The contract was a "requirement" contract—deliveries were based on how much liquid nitrogen defendant had in its tanks. As a result, plaintiff typically made deliveries seven days a week, and sometimes several times a day.

Under the contract's terms, defendant's exclusive remedy if plaintiff failed to timely deliver the nitrogen was "cover damages."

(B) CHEVRON'S EXCLUSIVE REMEDY FOR THE UNEXCUSED FAILURE ON THE PART OF SUPPLIER TO DELIVER PRODUCT TO CHEVRON WHEN REQUIRED HEREUNDER, WHETHER OR NOT SUCH FAILURE WAS CAUSED, IN WHOLE OR IN PART, BY ANY NEGLIGENCE, SHALL BE TO RECOVER FROM SUPPLIER THE DIFFERENCE BETWEEN THE COST TO PURCHASER OF ANY REASONABLE PURCHASE OF PRODUCT IN SUBSTITUTION FOR THE PRODUCT THAT [BOC] SO FAILED TO DELIVER AND THE LESSER PRICE OF SUCH QUANTITY OF PRODUCT HEREUNDER, REDUCED BY ANY EXPENSES SAVED BY CHEVRON.

When the nitrogen level fell below fifty percent of the total storage capacity, the operator of defendant's plant would inform plaintiff that the levels were depleting and check on the time for the next delivery. At a twenty-five percent level of nitrogen, defendant considered the situation "critical," and at a ten-percent level defendant could no longer maintain normal operation of the plant.

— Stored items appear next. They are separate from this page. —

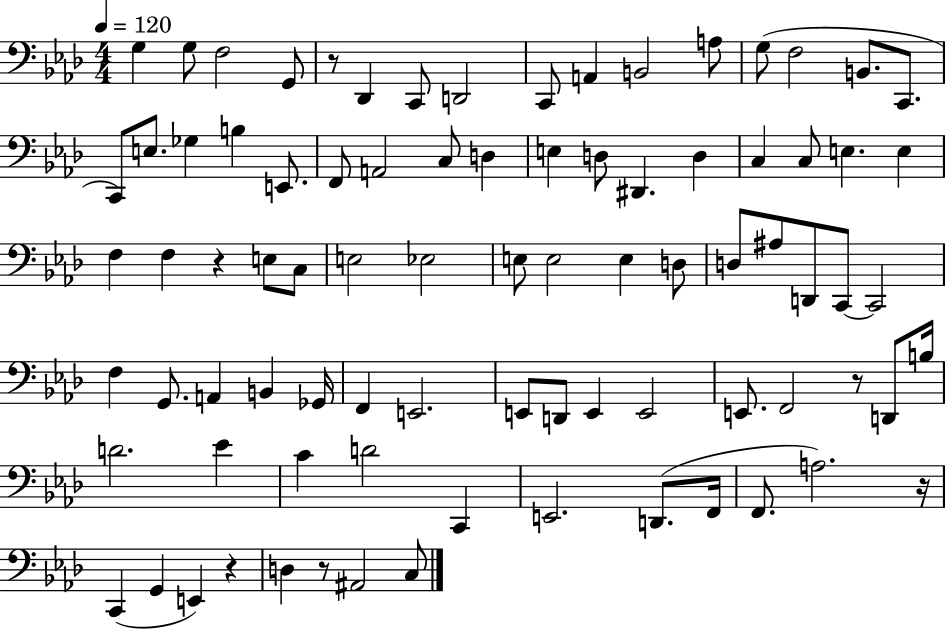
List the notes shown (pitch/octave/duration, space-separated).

G3/q G3/e F3/h G2/e R/e Db2/q C2/e D2/h C2/e A2/q B2/h A3/e G3/e F3/h B2/e. C2/e. C2/e E3/e. Gb3/q B3/q E2/e. F2/e A2/h C3/e D3/q E3/q D3/e D#2/q. D3/q C3/q C3/e E3/q. E3/q F3/q F3/q R/q E3/e C3/e E3/h Eb3/h E3/e E3/h E3/q D3/e D3/e A#3/e D2/e C2/e C2/h F3/q G2/e. A2/q B2/q Gb2/s F2/q E2/h. E2/e D2/e E2/q E2/h E2/e. F2/h R/e D2/e B3/s D4/h. Eb4/q C4/q D4/h C2/q E2/h. D2/e. F2/s F2/e. A3/h. R/s C2/q G2/q E2/q R/q D3/q R/e A#2/h C3/e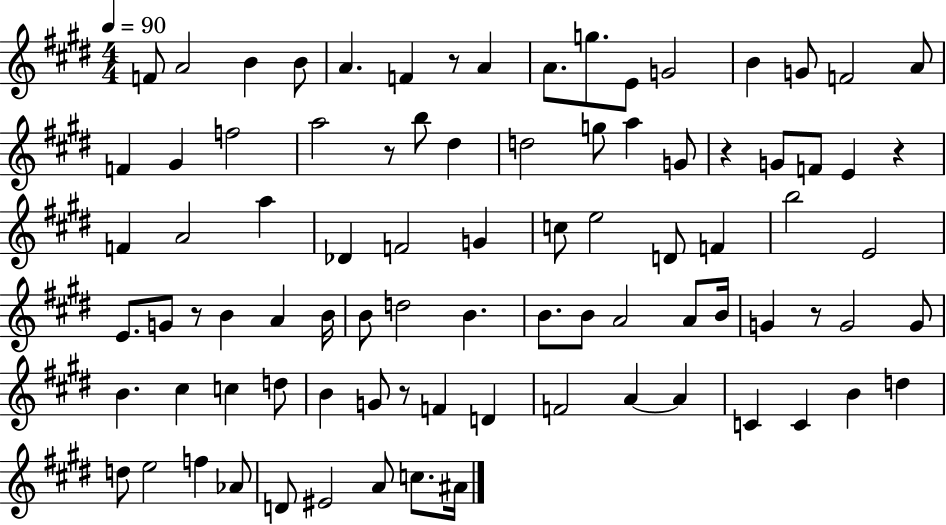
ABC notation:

X:1
T:Untitled
M:4/4
L:1/4
K:E
F/2 A2 B B/2 A F z/2 A A/2 g/2 E/2 G2 B G/2 F2 A/2 F ^G f2 a2 z/2 b/2 ^d d2 g/2 a G/2 z G/2 F/2 E z F A2 a _D F2 G c/2 e2 D/2 F b2 E2 E/2 G/2 z/2 B A B/4 B/2 d2 B B/2 B/2 A2 A/2 B/4 G z/2 G2 G/2 B ^c c d/2 B G/2 z/2 F D F2 A A C C B d d/2 e2 f _A/2 D/2 ^E2 A/2 c/2 ^A/4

Defendant claims that from August 1997 through June 1998 plaintiff made twenty-one late deliveries. A representative of defendant stated that on "many more than two times," because of its dissipating nitrogen levels, defendant's personnel would have to call plaintiff to find out when the next delivery would arrive. Plaintiff would usually promise delivery within four hours; however, the delivery would typically not arrive for as long as twelve hours. On May 19, 1998, defendant's nitrogen supply became so low that it had to connect its own nitrogen cylinders to the hot oil surge tank to maintain operation.

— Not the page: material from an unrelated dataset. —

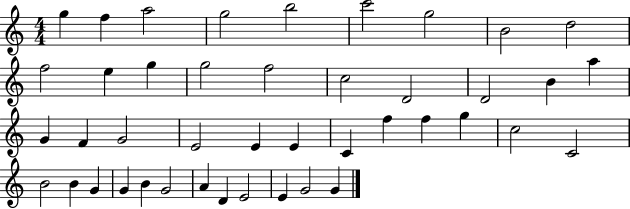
G5/q F5/q A5/h G5/h B5/h C6/h G5/h B4/h D5/h F5/h E5/q G5/q G5/h F5/h C5/h D4/h D4/h B4/q A5/q G4/q F4/q G4/h E4/h E4/q E4/q C4/q F5/q F5/q G5/q C5/h C4/h B4/h B4/q G4/q G4/q B4/q G4/h A4/q D4/q E4/h E4/q G4/h G4/q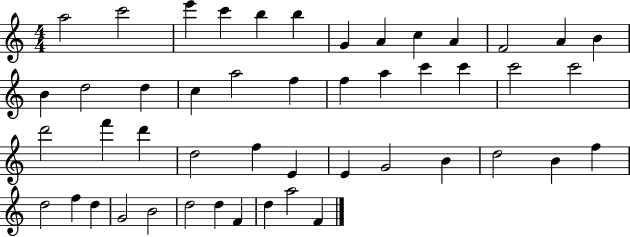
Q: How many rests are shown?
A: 0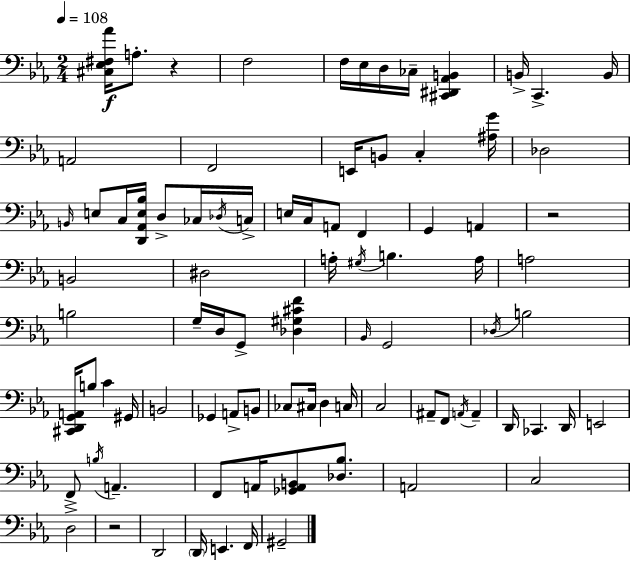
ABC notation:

That same month, Steven Earle, defendant's operations supervisor, decided to terminate the contract with plaintiff and find another liquid nitrogen supplier. He testified that he opted to terminate the contract rather than seek cover damages because he could not find alternate suppliers to deliver the required nitrogen. He claimed other suppliers were hesitant "to come in and infringe on an existing contract,..." He did not know, however, which suppliers interpreted the contract that way. Although he believed that Air Products, a company that delivered nitrogen to defendant's other plants, as well as other chemicals to defendant's Belle Chase plant, "would have been one of them," Dennis H. Boushie, an Air Products representative, testified otherwise. He said that in early 1998, when a representative of defendant told him of defendant's problems with low nitrogen inventory levels, he represented that Air Products "had the product" and could supply the product to defendant. Allen Jackson, defendant's purchasing manager, confirmed this conversation. Although no agreement materialized from the discussion, Air Products did cover defendant's liquid nitrogen supply on one occasion, in September 1998 during a hurricane.

Earle also acknowledged, however, that when he made his decision to terminate *436 the contract in May 1998 he was not aware of the exclusive remedy provision in the contract. In fact, he had not read the contract. When asked what he thought the parties "envisioned" when the contract was drawn concerning what Chevron would do if BOC failed to supply sufficient amounts of nitrogen, Earle did not know.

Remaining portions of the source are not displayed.